On Thu, May 02, 2024 at 07:08:21PM +0300, Ilpo Järvinen wrote:
> On Thu, 2 May 2024, Andy Shevchenko wrote:
...
> > // Send address to read from
> > - for (i = 1 << (UART_EXAR_REGB_EE_ADDR_SIZE - 1); i; i >>= 1)
> > - exar_ee_write_bit(priv, (ee_addr & i));
> > + for (i = UART_EXAR_REGB_EE_ADDR_SIZE - 1; i >= 0; i--)

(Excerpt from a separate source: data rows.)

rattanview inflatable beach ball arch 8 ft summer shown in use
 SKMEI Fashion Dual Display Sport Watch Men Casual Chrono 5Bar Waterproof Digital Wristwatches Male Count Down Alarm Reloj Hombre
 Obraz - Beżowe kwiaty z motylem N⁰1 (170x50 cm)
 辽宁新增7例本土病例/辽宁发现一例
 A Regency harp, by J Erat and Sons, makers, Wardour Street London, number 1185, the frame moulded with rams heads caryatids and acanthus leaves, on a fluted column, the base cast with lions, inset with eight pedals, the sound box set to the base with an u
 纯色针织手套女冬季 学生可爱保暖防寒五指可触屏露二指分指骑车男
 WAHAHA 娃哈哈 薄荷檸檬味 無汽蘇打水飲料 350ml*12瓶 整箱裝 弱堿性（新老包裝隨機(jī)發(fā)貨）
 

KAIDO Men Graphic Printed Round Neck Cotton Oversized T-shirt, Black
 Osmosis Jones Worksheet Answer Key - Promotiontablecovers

> > + exar_ee_write_bit(priv, ee_addr & BIT(i));
> >
> > // Read data 1 bit at a time
> > for (i = 0; i <= UART_EXAR_REGB_EE_DATA_SIZE; i++) {
> > - data <<= 1;
> > - data |= exar_ee_read_bit(priv);
> > + if (exar_ee_read_bit(priv))
> > + data |= BIT(i);
>
> Does this end up reversing the order of bits? In the original, data was left
> shifted which moved the existing bits and added the lsb but the replacement
> adds highest bit on each iteration?
Oh, seems a good catch!
I was also wondering, but missed this somehow. Seems the EEPROM is in BE mode,
so two loops has to be aligned.
--
With Best Regards,
Andy Shevchenko